THE final regulatory hurdle has been cleared in the $1.3 billion Asian bid for Aussie food giant Goodman Fielder (ASX code: GFF).
Nanjing Night Net

The Overseas Investment Office (OIO) in New Zealand – the last remaining regulatory approval needed – granted its consent for the acquisition today.

The Chinese regulator – the Anti-Monopoly Bureau of the Ministry of Commerce of the People’s Republic of China (MOFCOM) – gave its approval earlier this week.

Singapore oils giant Wilmar International and First Pacific, a Hong Kong investment company, first flagged their bid last April.

In the next step, a shareholder meeting to consider and vote on the proposal is scheduled for February 26. Goodman Fielder says it will continue to keep shareholders updated on “any material developments”.

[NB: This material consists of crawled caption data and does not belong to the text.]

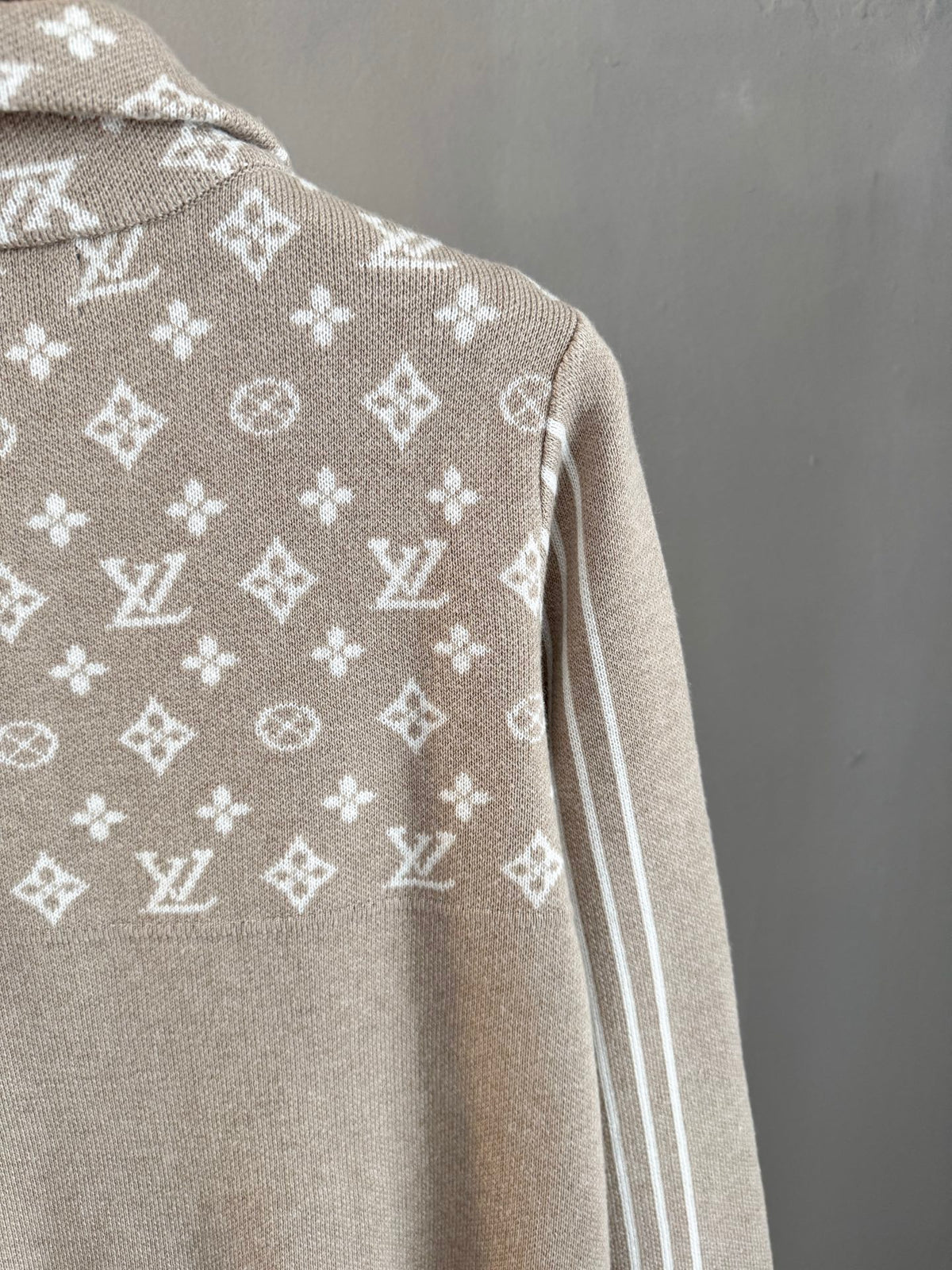 Classic Fashion Sweater-10003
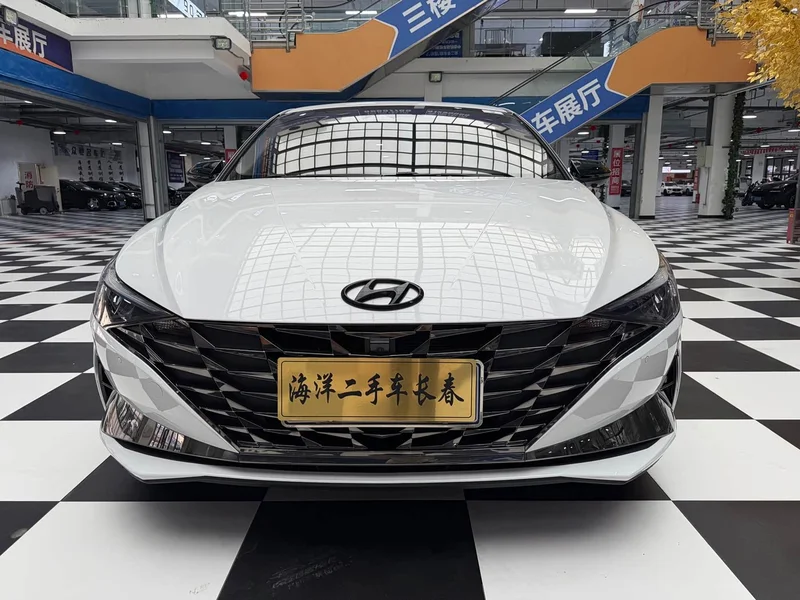 Hyundai Elantra — фото 3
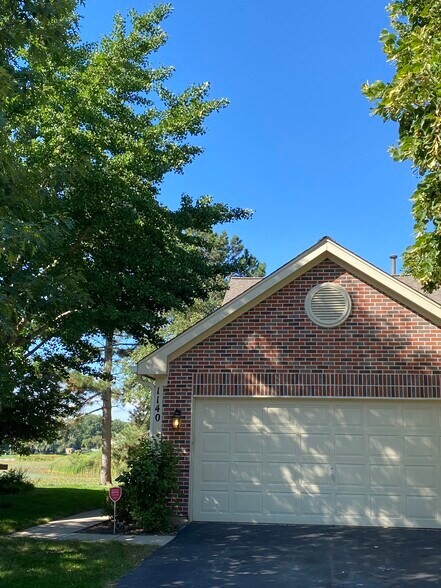 Primary Photo - 1140 Coldspring Rd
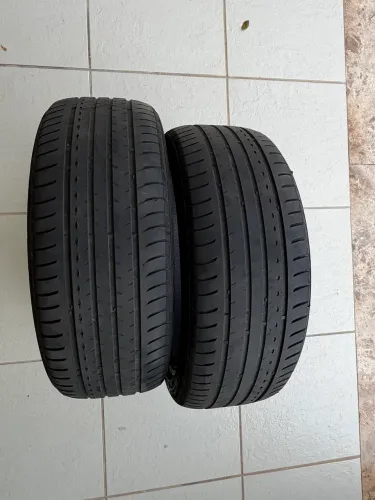VENDO 2 pneus RUNFLAT EM BOM ESTADO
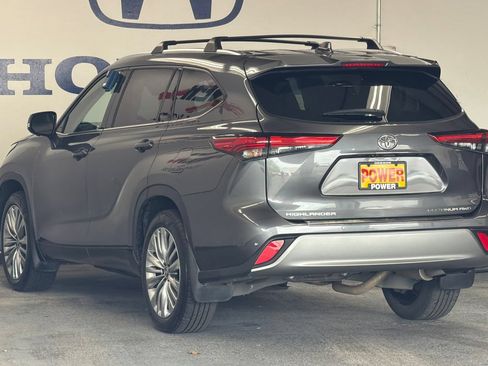 Used 2023 Toyota Highlander Platinum AWD/4WD image 5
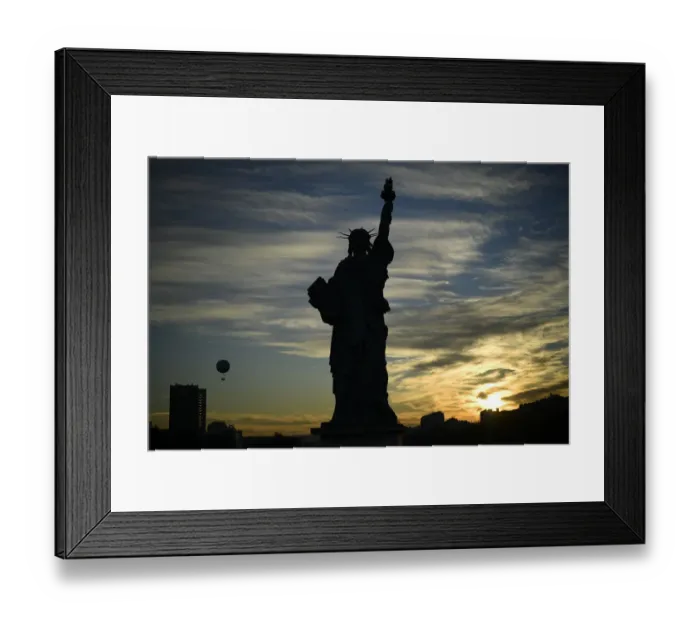 Framed Print : France-Monument Framed Print : France-Monument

The scheme of arrangement needs approval from 75 per cent of the shares cast and 50pc of shareholders. Retail shareholders, who account for about 10pc of the shares on issue, are reported to be largely unhappy with the terms of the deal and the loss of another Australian food company to foreign owners.

With its iconic brands Crisco and Gold’N Canola, Goodman Fielder is the largest canola, soybean and sunflower oil supplier to Australian retailers, while Wilmar has cornered the market in imported packaged oils which supermarkets sell under their private labels.

The Australian Competition and Consumer Commission (ACCC) announced in September it would not oppose the joint acquisition, saying packaged vegetable oil can be readily imported from international suppliers, and is thought to have low levels of brand loyalty, “making it easier for retailers to bypass their existing suppliers”.

Wilmar and First Pacific’s initial bid of 65 cents a share was knocked back by GFF as “opportunistic”. A 70c/share bid was eventually watered down to 67.5c/share in July after the joint bidders completed four weeks of due diligence, which revealed the need for significant capital investment and asset write-downs.

Wilmar and First Pacific have material adverse change clauses attached to their 67.5 cent a share offer, which enables the bidders to walk away if recurring earnings before interest and tax falls $30 million or the value of net assets falls by $100 million in 2015.

GFF reiterated its support for the $1.3b bid after delivering a flat first-half profit result earlier this month, with underlying net profit slipping 1 per cent to $29.7 million as cheaper milk and wheat costs countered falling prices in bread and spreads.